Work item:
In the answer, give the entries below exactly, from the first line through the line with "Purple, orange, and", with every picture omitted.

(Caption-style text data)
....

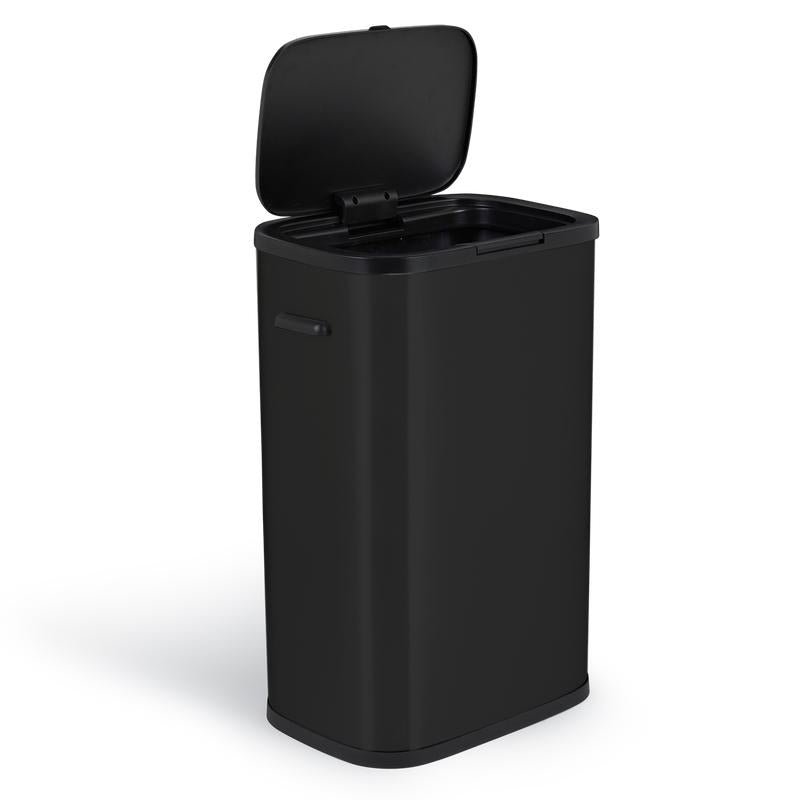 Poubelle Push Inox Portland - 60L - Noir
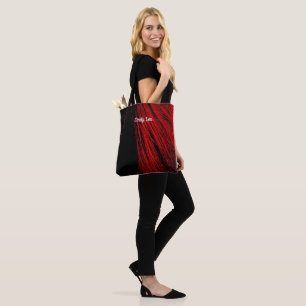 Red Horse Mane Abstract Quote Tote Bag
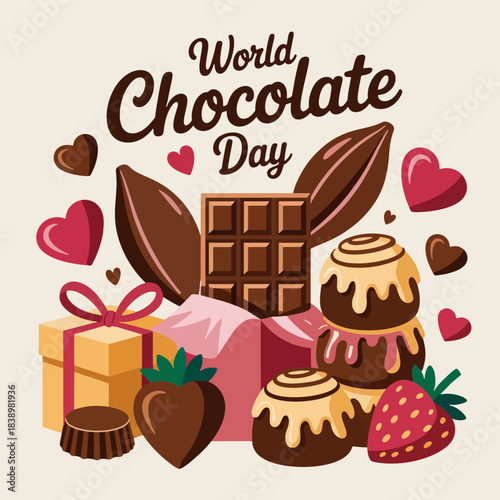 Sweet Indulgence: Celebrate World Chocolate Day! A delightful array of chocolate treats, from decadent truffles and hearts to cacao pods.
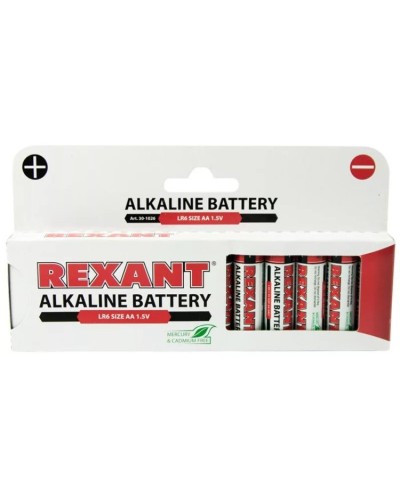 Алкалиновая батарейка AA/LR6 1,5 V 12 шт. REXANT (30-1026). Элемент питания. Rexant в Калуге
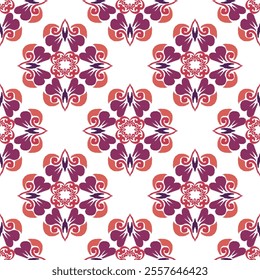 Purple, orange, and white embroidery, motif ethnic ikat seamless textile illustration, print striped ornament, pattern, design for wallpaper, and fabric textiles.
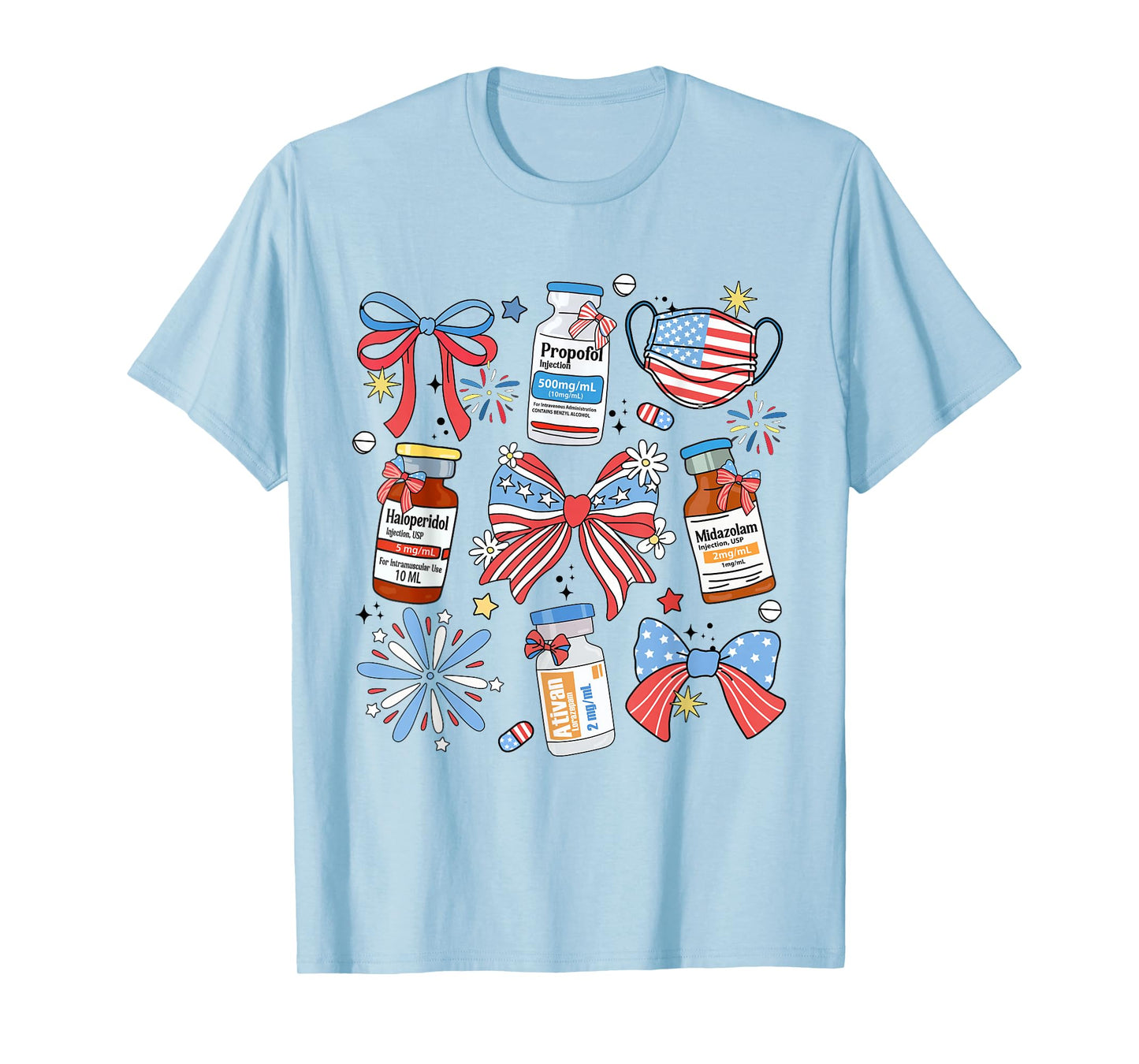 Coquette Bow 4th of July Nurse Girly Pharmacy ICU Nurse CRNA T-Shirt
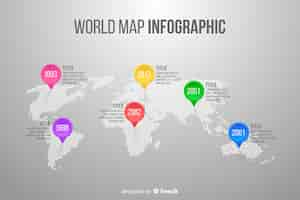 Free vector business infographic with world map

....

Finished task:
 Poubelle Push Inox Portland - 60L - Noir
 Red Horse Mane Abstract Quote Tote Bag
 Sweet Indulgence: Celebrate World Chocolate Day! A delightful array of chocolate treats, from decadent truffles and hearts to cacao pods.
 Алкалиновая батарейка AA/LR6 1,5 V 12 шт. REXANT (30-1026). Элемент питания. Rexant в Калуге
 Purple, orange, and white embroidery, motif ethnic ikat seamless textile illustration, print striped ornament, pattern, design for wallpaper, and fabric textiles.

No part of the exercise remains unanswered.